Each line below from the "Skjermbilde 2026-01-08 125040" line through the "Maria de Araújo Gonçalves Vasconcelos" line, those two included, must be restated word for word; the pictures must not be.

Study material:
◇ ◇ ◇
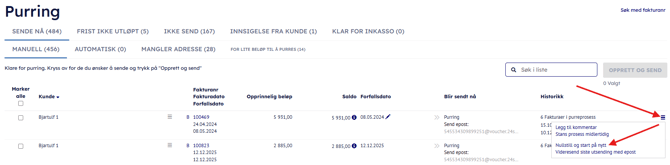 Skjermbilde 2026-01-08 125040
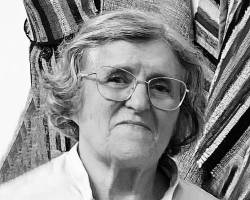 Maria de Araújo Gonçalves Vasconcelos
◇ ◇ ◇
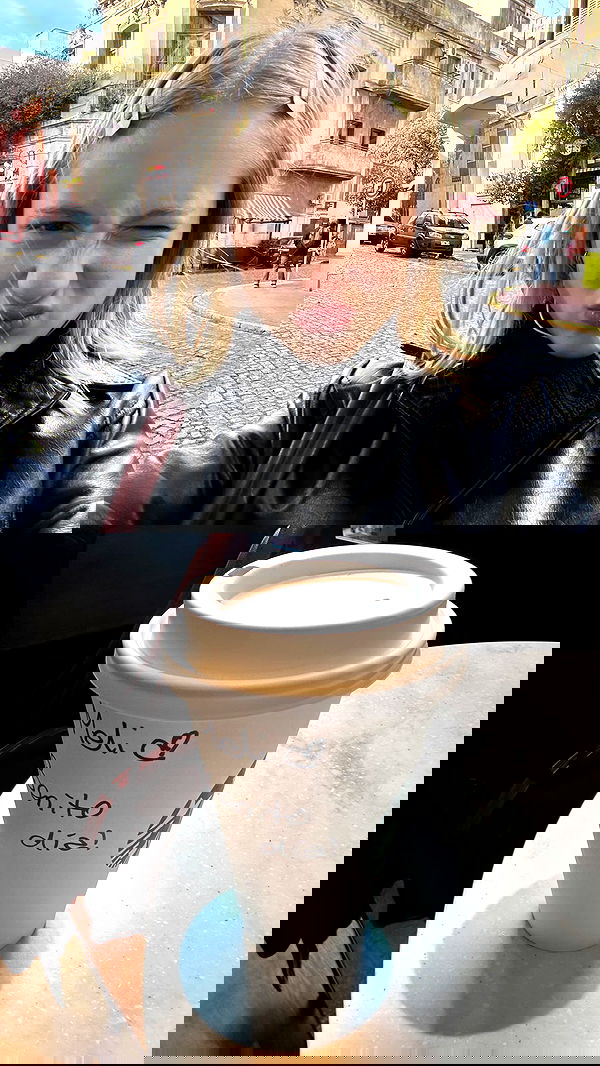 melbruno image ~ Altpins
◇ ◇ ◇
Final answer:
 Skjermbilde 2026-01-08 125040
 Maria de Araújo Gonçalves Vasconcelos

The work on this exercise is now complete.